Control of DC-DC Buck Converters Using Robust Composite Backstepping and Integral Terminal Sliding Mode Approaches

This article proposes a new composite scheme to design a robust voltage controller for dc-dc buck converters in which the composite structure combines the recursive backstepping approach with an integral terminal sliding mode controller (ITSMC). In this work, the proposed ITSMC is designed to overcome the one-degree limitation of existing ITSMCs and difficulties for the finite time convergence in standard sliding mode controllers (SSMCs) as it incorporates a quick reaching law. Moreover, the singularity problem in existing SSMCs is tackled using a modified integral sliding surface. The backstepping strategy is used to ensure the voltage monitoring with a higher degree of accuracy. The robustness of the proposed composite approach is ensured by capturing the variations in parameters, input voltage, and mismatch in the model; as all these factors are included in the dynamical model of the dc-dc buck converter based on which the proposed composite controller is designed.
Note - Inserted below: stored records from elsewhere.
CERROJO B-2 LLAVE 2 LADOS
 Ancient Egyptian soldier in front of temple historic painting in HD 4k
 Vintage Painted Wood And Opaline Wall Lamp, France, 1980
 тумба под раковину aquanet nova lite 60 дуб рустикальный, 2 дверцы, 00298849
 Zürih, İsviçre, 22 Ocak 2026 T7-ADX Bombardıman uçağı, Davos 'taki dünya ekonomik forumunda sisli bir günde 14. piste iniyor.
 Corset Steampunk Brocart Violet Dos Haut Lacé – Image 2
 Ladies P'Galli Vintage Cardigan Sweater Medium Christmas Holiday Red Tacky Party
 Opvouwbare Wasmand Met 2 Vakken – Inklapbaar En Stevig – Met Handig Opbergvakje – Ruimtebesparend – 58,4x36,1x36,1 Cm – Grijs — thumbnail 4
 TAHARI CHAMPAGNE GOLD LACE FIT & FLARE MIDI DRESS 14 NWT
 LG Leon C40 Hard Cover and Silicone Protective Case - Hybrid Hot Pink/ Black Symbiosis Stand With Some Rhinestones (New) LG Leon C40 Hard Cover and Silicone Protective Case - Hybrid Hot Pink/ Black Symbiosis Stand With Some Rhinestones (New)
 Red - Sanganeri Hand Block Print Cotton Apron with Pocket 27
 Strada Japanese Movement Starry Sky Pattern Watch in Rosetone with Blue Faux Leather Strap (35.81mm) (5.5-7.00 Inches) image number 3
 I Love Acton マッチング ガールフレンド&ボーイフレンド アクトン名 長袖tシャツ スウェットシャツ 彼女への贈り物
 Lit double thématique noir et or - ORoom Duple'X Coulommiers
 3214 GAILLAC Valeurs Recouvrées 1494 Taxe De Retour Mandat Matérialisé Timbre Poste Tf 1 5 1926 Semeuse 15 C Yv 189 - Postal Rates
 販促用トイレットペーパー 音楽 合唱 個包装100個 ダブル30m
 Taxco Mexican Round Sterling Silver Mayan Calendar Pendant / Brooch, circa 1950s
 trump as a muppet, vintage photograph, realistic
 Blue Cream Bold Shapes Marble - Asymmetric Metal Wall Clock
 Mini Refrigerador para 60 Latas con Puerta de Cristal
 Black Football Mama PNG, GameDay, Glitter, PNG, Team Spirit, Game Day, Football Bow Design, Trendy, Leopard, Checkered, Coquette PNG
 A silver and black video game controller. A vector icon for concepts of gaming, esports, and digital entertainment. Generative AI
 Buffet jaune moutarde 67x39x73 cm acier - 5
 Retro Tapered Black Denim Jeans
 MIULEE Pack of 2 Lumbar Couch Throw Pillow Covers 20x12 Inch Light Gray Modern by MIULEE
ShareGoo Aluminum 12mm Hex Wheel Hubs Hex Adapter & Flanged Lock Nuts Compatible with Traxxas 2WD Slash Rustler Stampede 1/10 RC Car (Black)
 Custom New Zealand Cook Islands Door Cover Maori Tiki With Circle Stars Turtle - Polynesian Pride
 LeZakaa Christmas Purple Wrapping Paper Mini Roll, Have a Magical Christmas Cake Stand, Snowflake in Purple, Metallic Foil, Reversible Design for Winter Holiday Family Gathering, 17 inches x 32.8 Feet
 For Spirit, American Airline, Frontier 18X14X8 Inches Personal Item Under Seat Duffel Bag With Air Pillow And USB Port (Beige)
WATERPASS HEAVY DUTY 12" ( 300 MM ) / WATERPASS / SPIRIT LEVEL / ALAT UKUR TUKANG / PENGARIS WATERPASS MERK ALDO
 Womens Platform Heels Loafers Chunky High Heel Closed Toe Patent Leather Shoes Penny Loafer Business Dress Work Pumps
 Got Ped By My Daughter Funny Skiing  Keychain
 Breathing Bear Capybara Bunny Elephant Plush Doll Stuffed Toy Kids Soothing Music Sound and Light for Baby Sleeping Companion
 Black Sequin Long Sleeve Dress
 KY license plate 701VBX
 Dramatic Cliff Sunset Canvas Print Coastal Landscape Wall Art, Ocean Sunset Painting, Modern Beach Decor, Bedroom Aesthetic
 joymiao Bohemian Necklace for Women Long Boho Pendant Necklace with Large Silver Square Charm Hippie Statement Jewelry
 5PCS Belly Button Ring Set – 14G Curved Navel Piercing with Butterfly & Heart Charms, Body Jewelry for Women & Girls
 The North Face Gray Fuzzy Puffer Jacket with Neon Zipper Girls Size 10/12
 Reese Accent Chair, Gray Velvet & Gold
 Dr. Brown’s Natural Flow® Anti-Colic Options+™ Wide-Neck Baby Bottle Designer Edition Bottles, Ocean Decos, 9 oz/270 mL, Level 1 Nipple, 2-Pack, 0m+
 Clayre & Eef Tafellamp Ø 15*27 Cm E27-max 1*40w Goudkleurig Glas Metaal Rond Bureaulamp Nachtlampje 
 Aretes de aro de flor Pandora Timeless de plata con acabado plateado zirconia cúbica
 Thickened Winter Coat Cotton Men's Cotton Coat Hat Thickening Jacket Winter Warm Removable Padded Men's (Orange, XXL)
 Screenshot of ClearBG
The robustness and stability of the proposed composite controller are simultaneously analyzed using the concept of the Lyapunov stability theory. The theoretical and analytical findings for the proposed composite robust backstepping ITSMC (RBITSMC) are further verified through extensive simulation studies in the MATLAB/Simulink platform. Performance comparisons of the proposed RBITSMC are also presented against an existing adaptive nonsingular fast terminal sliding mode controller. Finally, experimental results from the application of the proposed control strategy on a laboratory prototype are presented to justify its application on the practical system.